## PROBLEM
Where the line containing "Dos patrulleros chocaron" appears, begin retyping; continue exactly through the final line of the data. Omit every picture.

## COLLECTED DATA
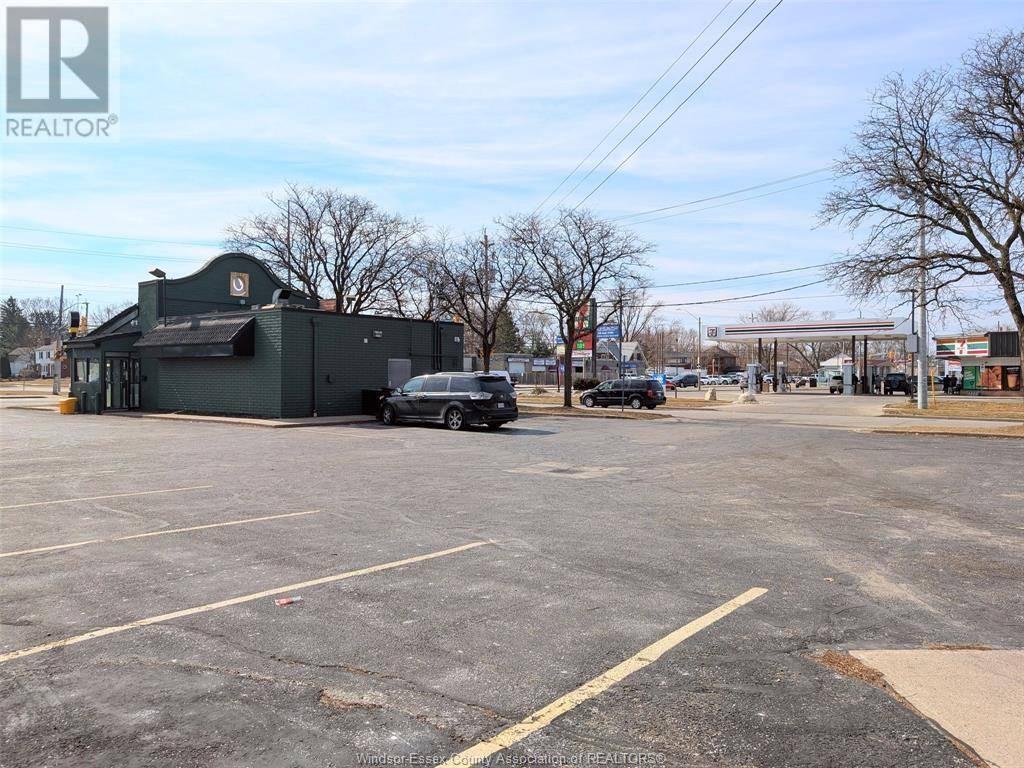 Windsor, ON N8T1C3,5150 TECUMSEH ROAD East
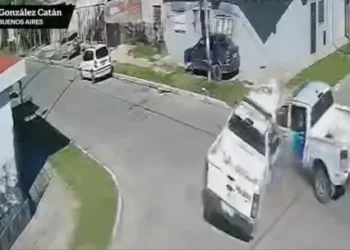 Dos patrulleros chocaron entre sí en pincho persecución: hay cuatro policías heridos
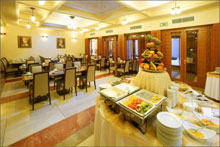 Best Western Premier Majestic Plaza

## TASK ANSWER
 Dos patrulleros chocaron entre sí en pincho persecución: hay cuatro policías heridos
 Best Western Premier Majestic Plaza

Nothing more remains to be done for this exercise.